Am 26. November 2018 wurde von der Berichterstatterin MdEP Roberta Metsola (EVP/Malta) im Ausschuss für bürgerliche Freiheiten, Justiz und Inneres ein Berichtsentwurf über den Vorschlag der EU-Kommission zur Europäischen Grenz- und Küstenwache vorgestellt, der Ende Januar 2019 zur Abstimmung gestellt werden soll. Die Berichterstatterin fordert eine umfassende Verbesserung des bestehenden Entwurfes. Abgesehen von technischen Änderungsvorschlägen, wie etwa der Erweiterung der Einsatzkräfte um eine vierte Kategorie, nämlich eine schnelle Eingreiftruppe in einer Stärke von 3.000 Kräften, sieht der Berichtsentwurf auch vor, dass insbesondere dem Grundsatz der Subsidiarität mit Blick auf die Befugnisse der Einsatzkräfte hinreichend Rechnung getragen werden müsse. Besonders kritisch wurde in der Ausschuss-Sitzung ebenso wie von Kirchen- und NGO-Vertretern die im Kommissionsvorschlag vorgesehene Möglichkeit von Rückführungen aus Drittstaaten in andere Drittstaaten gesehen. Dies missachte zu wahrende Grundrechtsstandards und den Grundsatz der Nichtzurückweisung.
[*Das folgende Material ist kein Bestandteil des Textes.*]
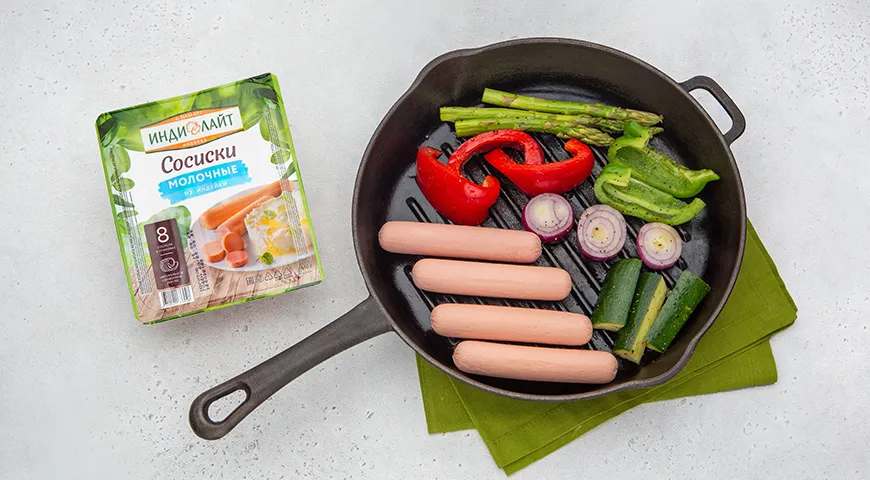 Сосиски с овощами на гриле с чесночным соусом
Am 6. Dezember 2018 hat der EU-Ministerrat in Brüssel eine Übereinkunft über Teile des Vorschlags erzielt. Hier geht es um die Vorschriften zu technischer und operativer Unterstützung der Mitgliedstaaten im Rahmen der Rückführung Drittstaatsangehöriger, sowie um die angestrebte Kooperation mit Drittstaaten. Einen Beginn für die Verhandlungen im Parlament eröffnet dieser Teilkonsens aber noch nicht. Die massiven Vorbehalte gegenüber der Aufstockung der ständigen Reserve schon zum Jahr 2020 bestehen weiterhin. Dies liegt zum einen daran, dass der Zeitplan bereits an sich ambitioniert erscheint und zum anderen daran, dass die Ressourcenaufstockung nur in Abstimmung mit dem mehrjährigen finanziellen Finanzrahmen erfolgen kann. Daher gilt eine Aufstockung vor 2027 als „unrealistisch“, wie es aus diplomatischen Kreisen heißt. Obwohl sich der Europäische Rat in seinen Schlussfolgerungen vom 14. Dezember 2018 darauf verständigte, die beiden Gesetzgeber dazu aufzurufen, die Verhandlungen über die Europäische Grenz- und Küstenwache rasch abzuschließen, ist die Frontex-Reform offensichtlich ins Stocken geraten. Damit könnte der als Löwe gestartete Verordnungs-Entwurf zum Bettvorleger geworden sein.